[WHAT TO PRODUCE]: The line containing "ADIDAS SNEAKERS RETRO", and every line after it to the end of the listing, should be repeated exactly; the pictures should not.

[RECORDS SUPPLIED]:

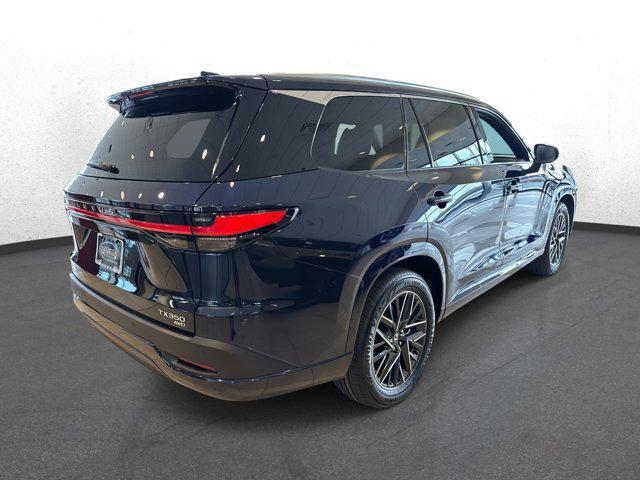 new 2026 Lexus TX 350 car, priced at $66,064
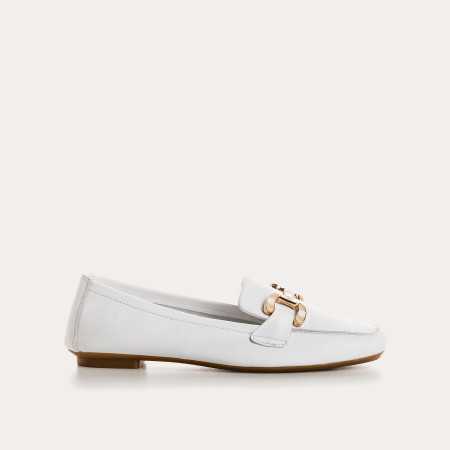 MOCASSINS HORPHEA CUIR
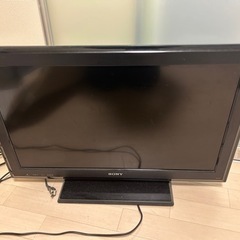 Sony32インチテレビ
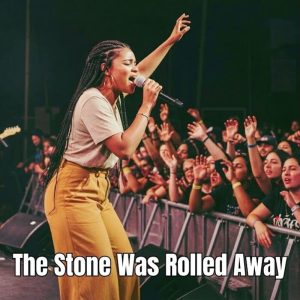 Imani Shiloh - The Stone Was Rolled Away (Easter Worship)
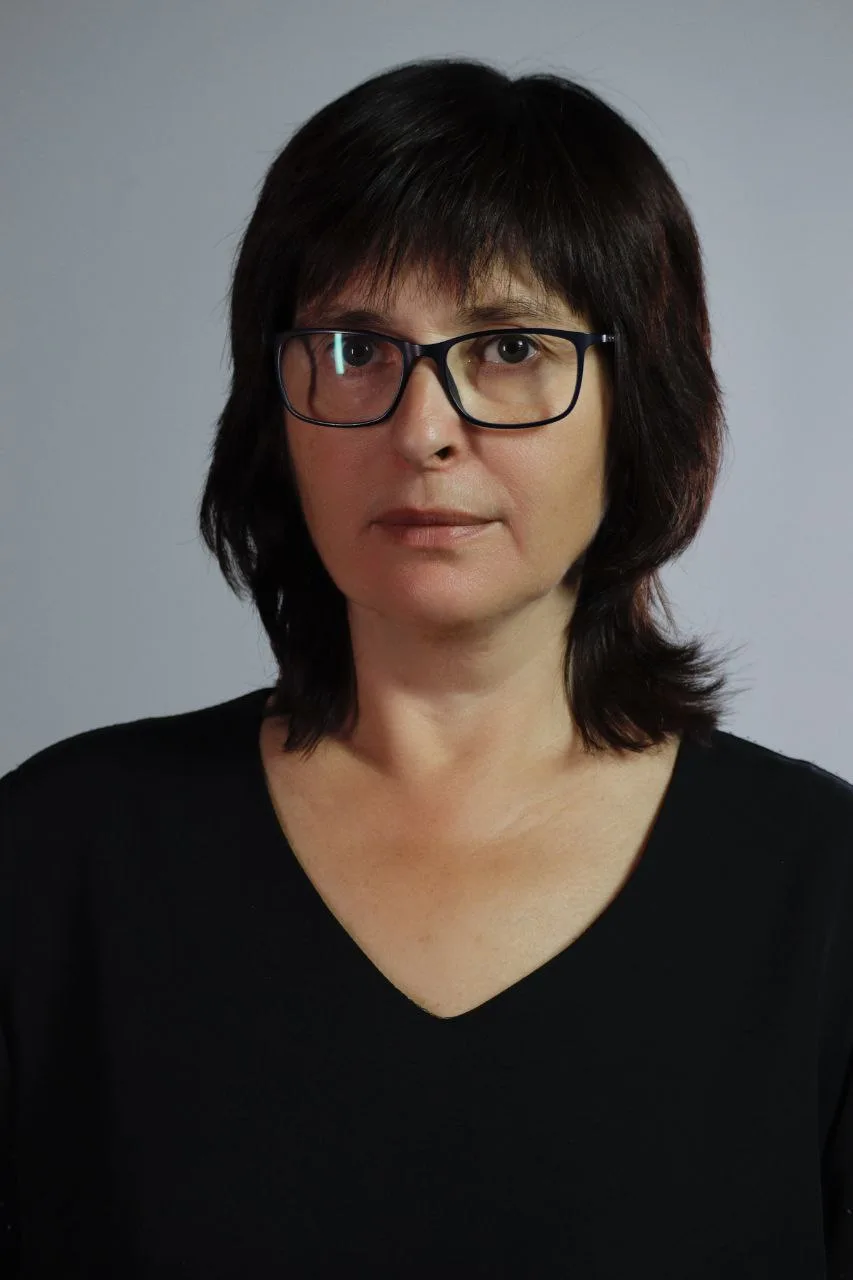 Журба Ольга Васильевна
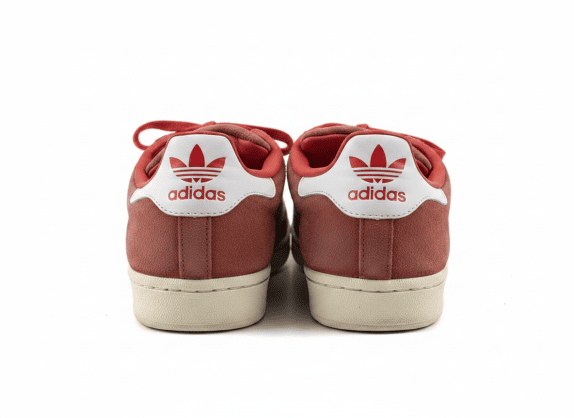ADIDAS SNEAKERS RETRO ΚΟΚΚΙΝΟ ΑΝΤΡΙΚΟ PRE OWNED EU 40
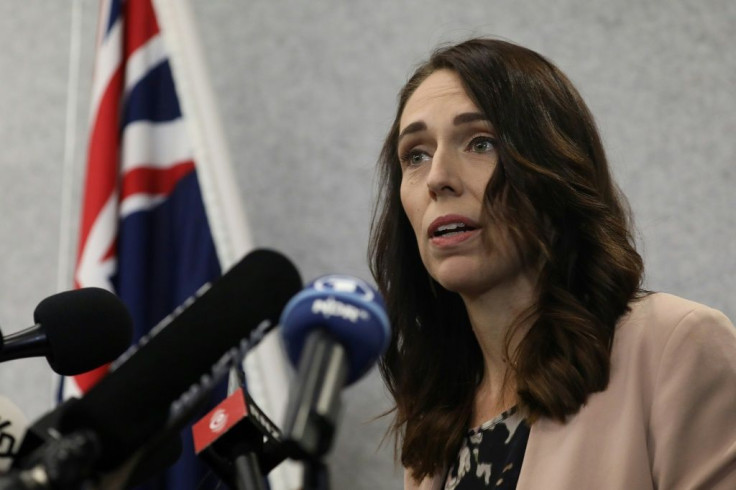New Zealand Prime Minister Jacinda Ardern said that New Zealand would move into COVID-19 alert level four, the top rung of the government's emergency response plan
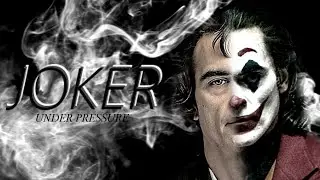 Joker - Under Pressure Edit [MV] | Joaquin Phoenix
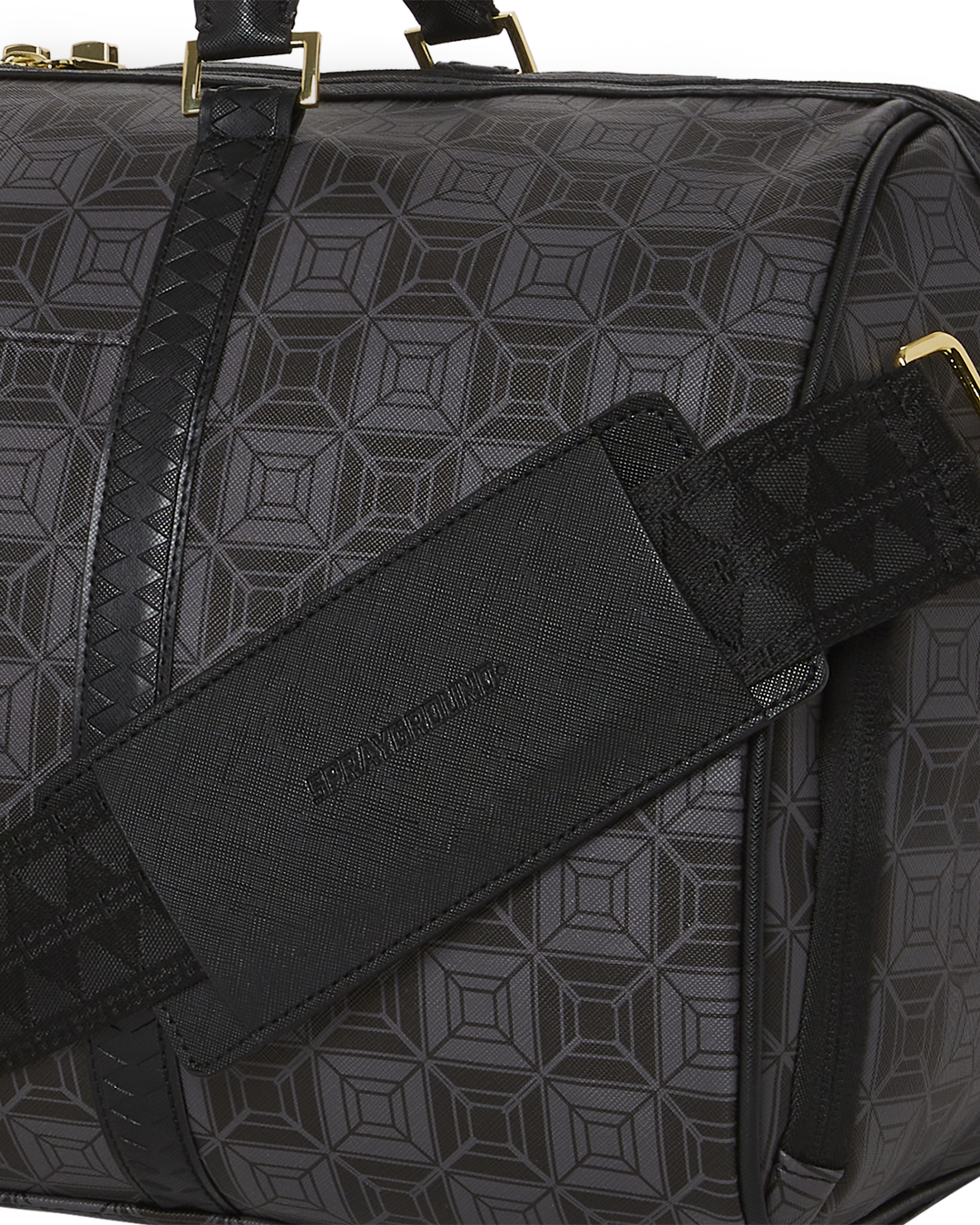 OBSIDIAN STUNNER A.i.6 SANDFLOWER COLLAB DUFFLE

[YOUR RESPONSE]:
ADIDAS SNEAKERS RETRO ΚΟΚΚΙΝΟ ΑΝΤΡΙΚΟ PRE OWNED EU 40
New Zealand Prime Minister Jacinda Ardern said that New Zealand would move into COVID-19 alert level four, the top rung of the government's emergency response plan
 Joker - Under Pressure Edit [MV] | Joaquin Phoenix
 OBSIDIAN STUNNER A.i.6 SANDFLOWER COLLAB DUFFLE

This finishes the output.